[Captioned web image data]
....

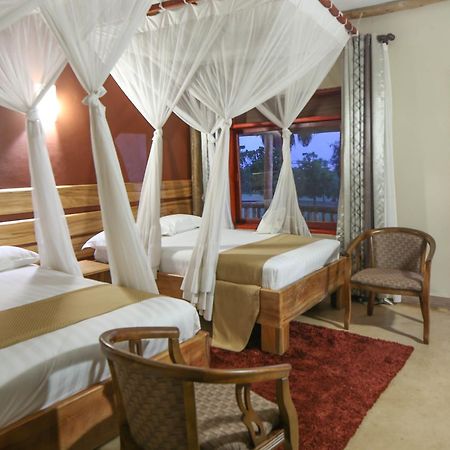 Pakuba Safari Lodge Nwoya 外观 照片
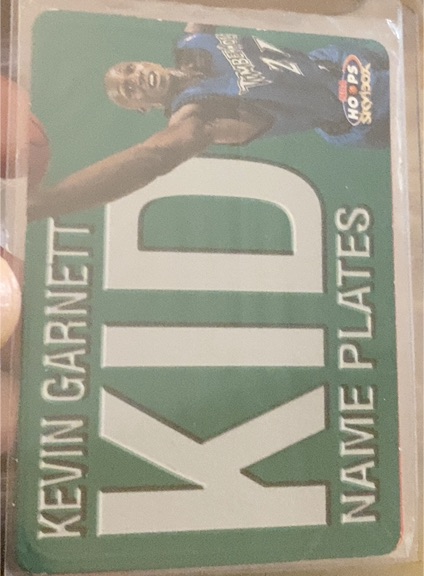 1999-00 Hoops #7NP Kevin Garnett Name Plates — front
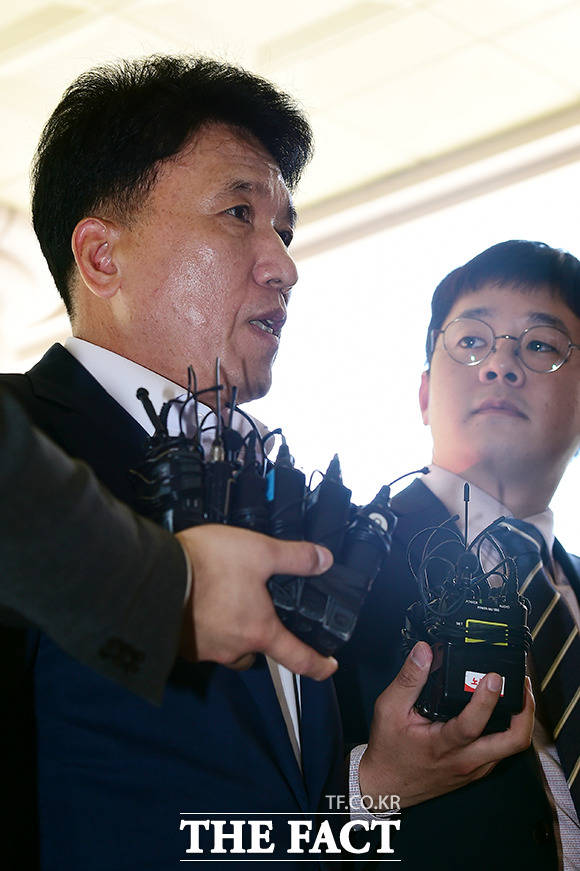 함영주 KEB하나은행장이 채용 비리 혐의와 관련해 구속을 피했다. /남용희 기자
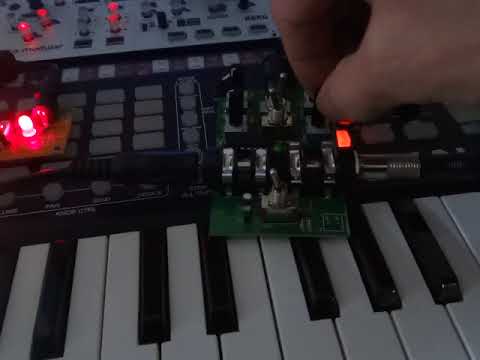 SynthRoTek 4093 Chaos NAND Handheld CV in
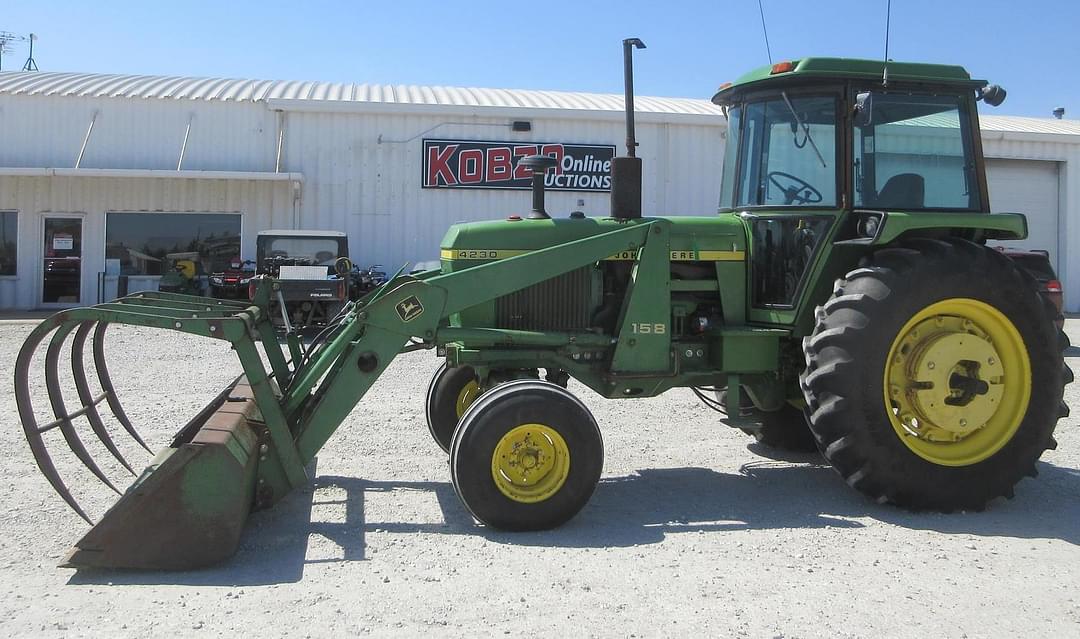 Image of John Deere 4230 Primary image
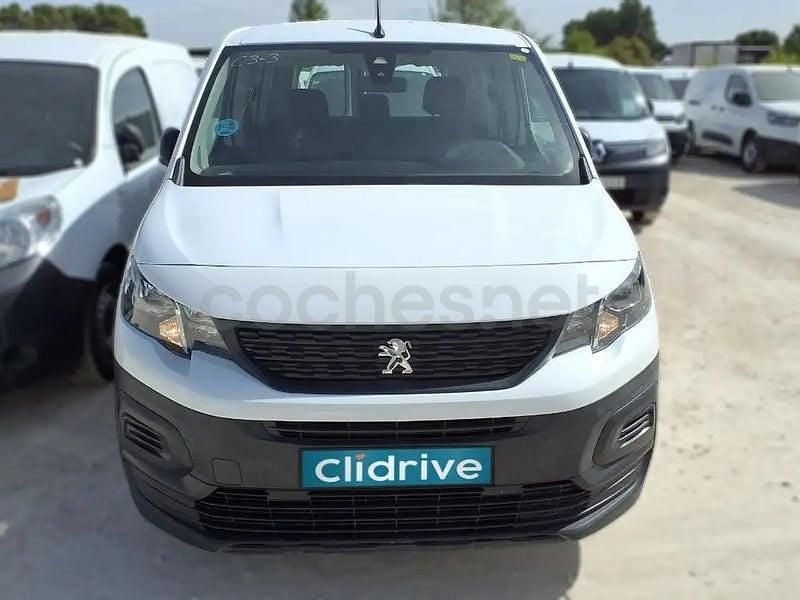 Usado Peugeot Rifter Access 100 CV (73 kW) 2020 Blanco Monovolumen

....

DIRECTIONS FOR THIS TASK
From the line holding "함영주 KEB하나은행장이 채용 비리 혐의와 관련해 구속을 피했다. /남용희 기자" to the final line of the data above, give each line again exactly, both ends included, and drop the pictures.

EXERCISE ANSWER
 함영주 KEB하나은행장이 채용 비리 혐의와 관련해 구속을 피했다. /남용희 기자
 SynthRoTek 4093 Chaos NAND Handheld CV in
 Image of John Deere 4230 Primary image
 Usado Peugeot Rifter Access 100 CV (73 kW) 2020 Blanco Monovolumen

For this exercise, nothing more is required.